Banac, in an interview over CNN Philippines, was asked about the limits of netizens who would criticize the government, particularly President Rodrigo Duterte. This comes as at least two individuals were recently arrested for their social media posts critical of the Chief Executive.
“Well, we all exercise our freedom of expression and speech. We are in a democracy and it is protected under our Constitution. It is normal for us to exercise our freedom of expression. We can criticize but for as long as we don’t violate the law,” he said.
“There are laws on libel, libelous statements that we cannot just speak and utter or post on social media otherwise the privacy of other individuals might also be violated and there are rules also regarding inciting to sedition so any acts violating the law will have to be charged and punished,” he added.
Early this week, the National Bureau of Investigation arrested a public school teacher who offered a P50-million reward to anyone who can kill Duterte on his Twitter account. Another man was arrested in Aklan province after posting on Facebook that he will give P100 million to anyone who can kill the President.
Police days after arrested a 41-year-old man from Nasipit, Agusan del Norte, for calling Duterte “buang” (crazy) and criticizing Duterte’s long-time aid, Senator Christopher Bong Go, on Facebook.
Authorities said the teacher will be charged with inciting to sedition while the other suspect will be charged with cyber libel.
But some personalities like human rights lawyer Chel Diokno questioned the police’s warrantless arrest of the man from Nasipit.
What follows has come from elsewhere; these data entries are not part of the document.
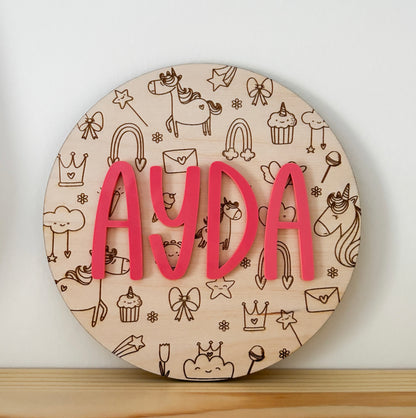 Unicorn Personalised Name Plaque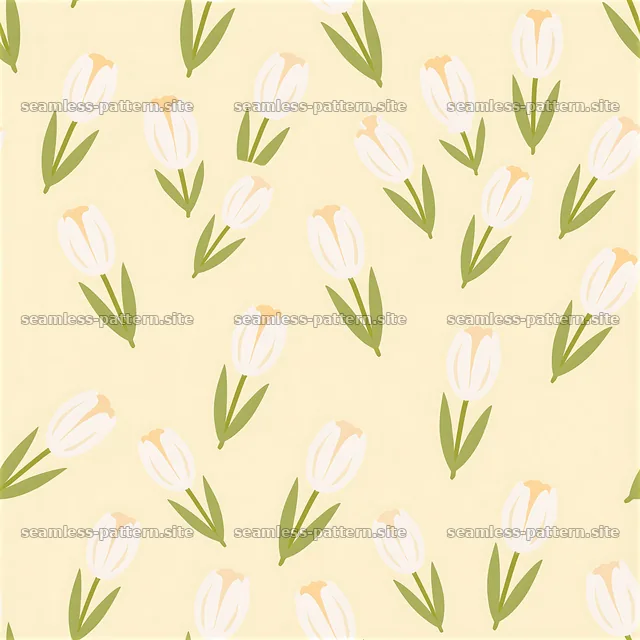 Cute Tulips Seamless Pattern with White Flowers — seamless tileable pattern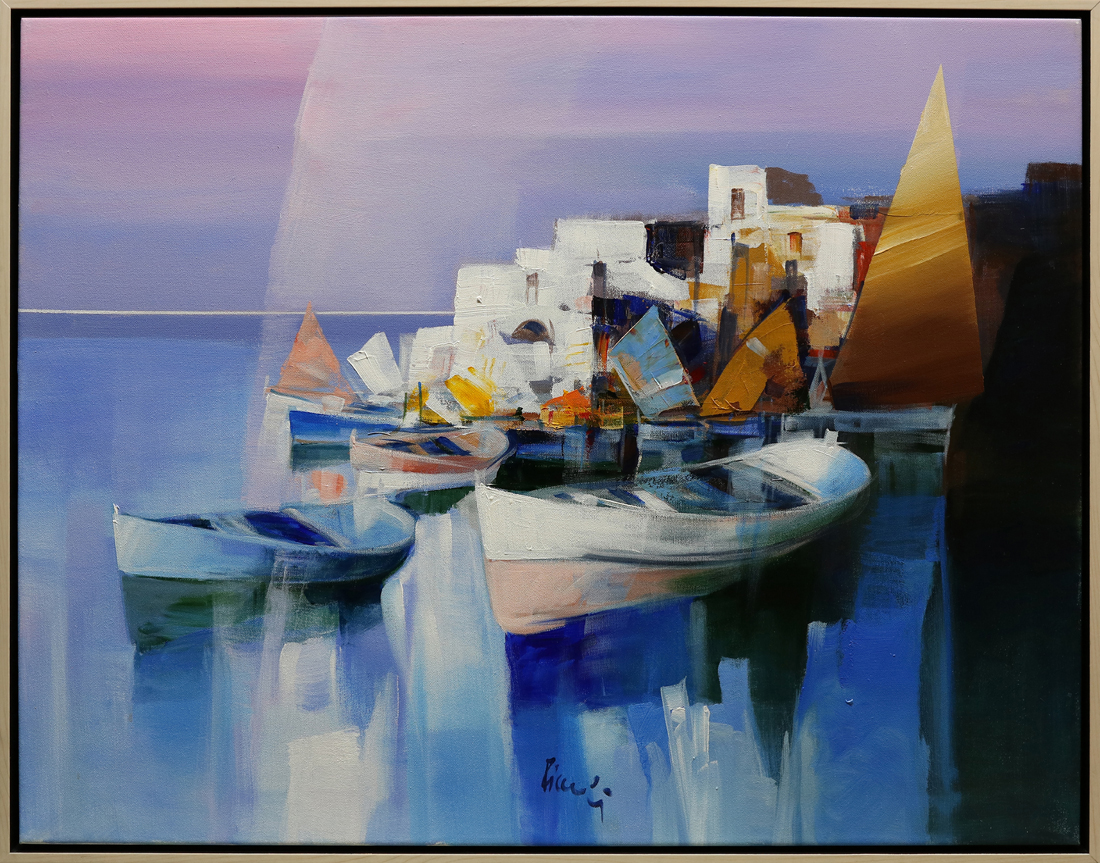 PIETRO PICCOLI - Alghero, The Port of Sardinia - Mixed Media on Canvas - 28x35 inches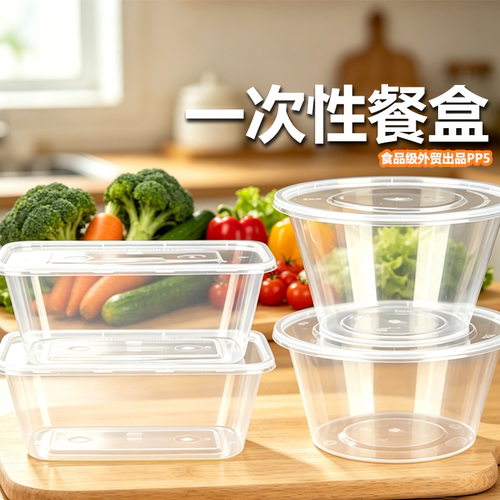 加厚PP带盖外卖防漏一次性方餐盒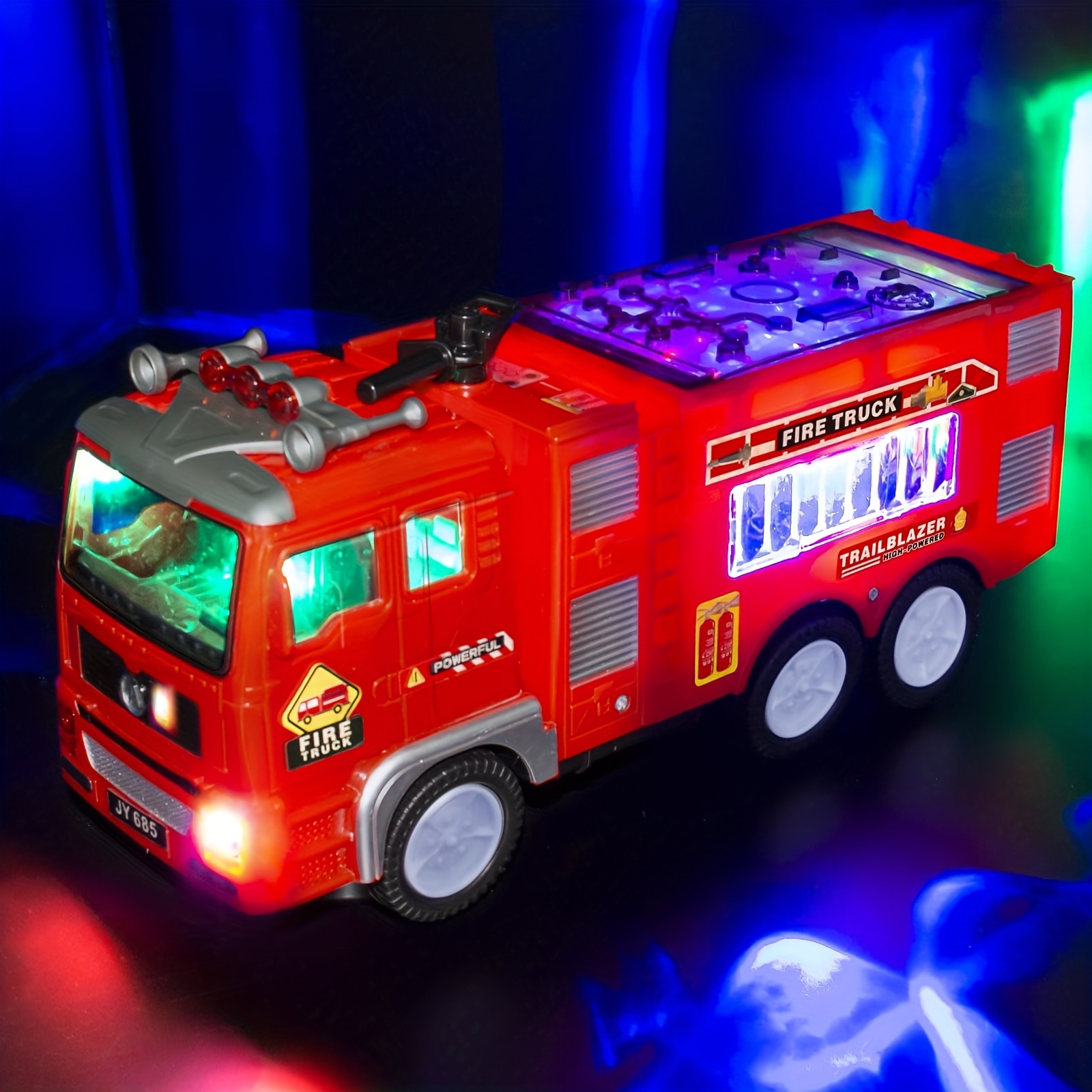 Children's Outdoor Furniture Fire Engine Model Toys With Sound 4D Light Show Universal Wheels Sliding Indoor Outdoor Toys Suitable For 3+4 5 6 7 8 Boys And Girls Birthday Gift Holiday Gift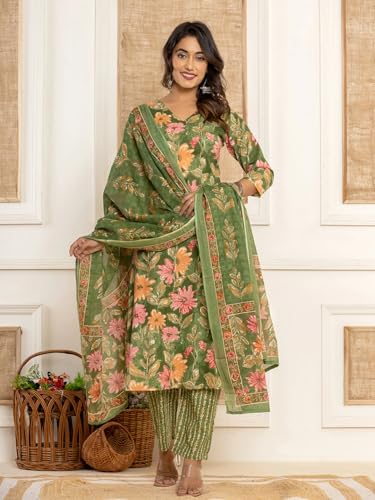 Nainvish Women's Viscose Rayon Printed Straight V-Neck Kurta Pant With Dupatta (Sd711_Kbd-Xxl_Green)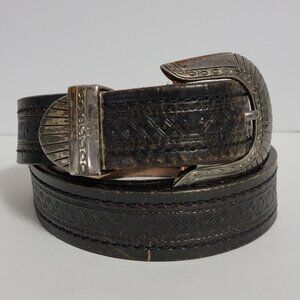 VTG Brushy Creek Mens Black Full Grain Cowhide Leather Belt 5428 Size 36 USA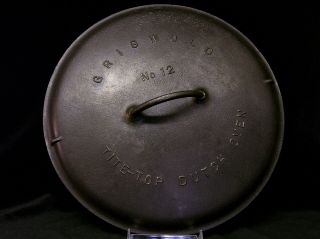 Griswold Cast Iron No.  12 Dutch Oven Cover P/n 2636 Raised Letter Low Dome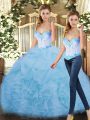 Fashionable Sweetheart Sleeveless Sweet 16 Dress Floor Length Beading and Ruffles Blue Organza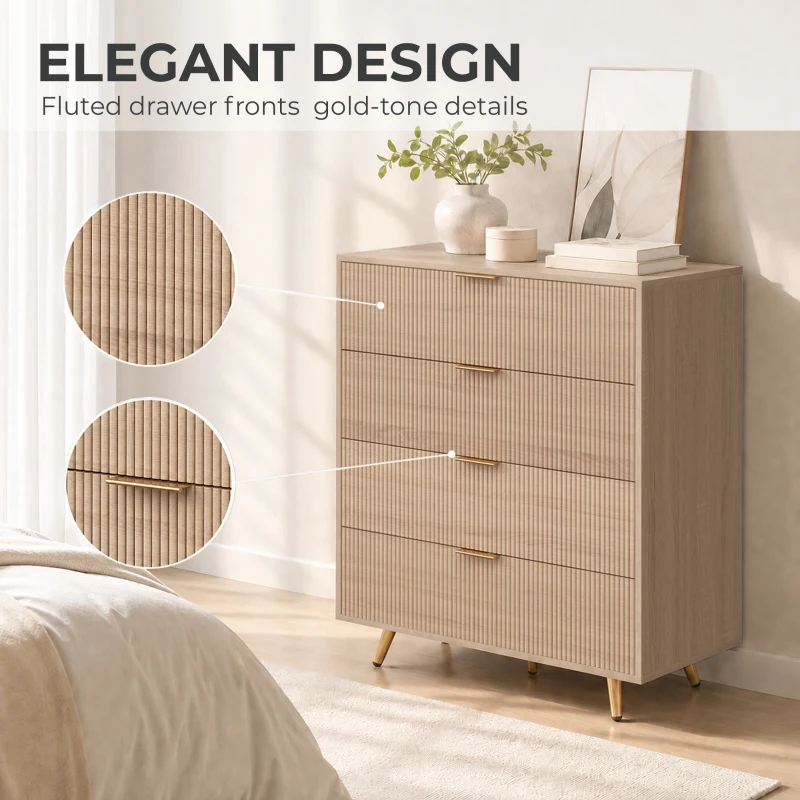 HOMCOM Bedroom Chest of Drawers with 4 Drawers, Fluted Dresser with Gold Tone Handles, Storage Cabinet, Natural
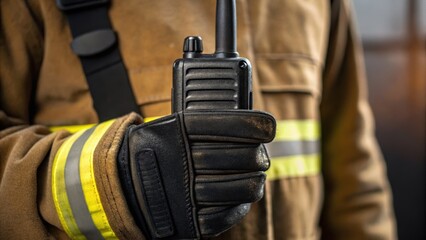 Close-up of a firefighter holding a radio, showcasing protective gear and gloves, ready for emergency response.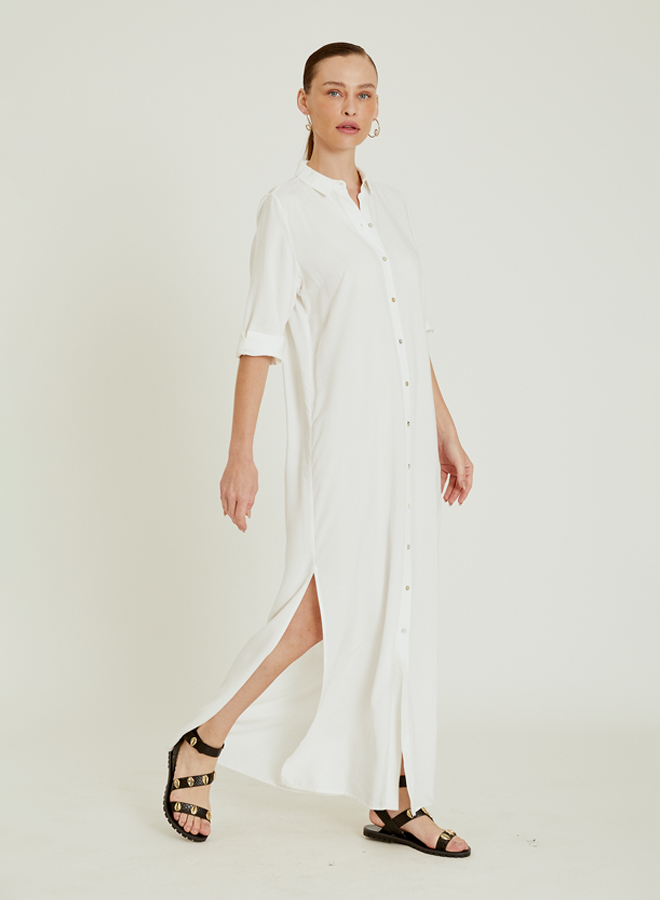 Off White Side Slit Long Chemisier Dress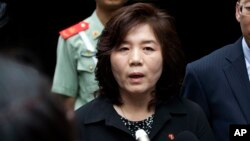 FILE - Choe Son Hui, deputy director general of the Department of US Affairs of North Korea Foreign Ministry, briefs journalists outside the North Korean embassy in Beijing, China, June 23, 2016.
He stressed that police officers can only carry out warrantless arrests for crimes that occur in their presence or for hot pursuit.
Banac, however, said there is a presumption of regularity for police officers who arrested the Duterte critic, noting that law enforcers can defend themselves in court.
“They (police) took this person into custody, this person would have to face charges and we presume there was regularity in the performance of the police there and they have to explain themselves also to the court why they took this person into custody based on the evidence gathered,” Banac pointed out.
But for the crime of libel, Diokno emphasized that only judges are equipped with the knowledge to determine if the person can be detained for libel.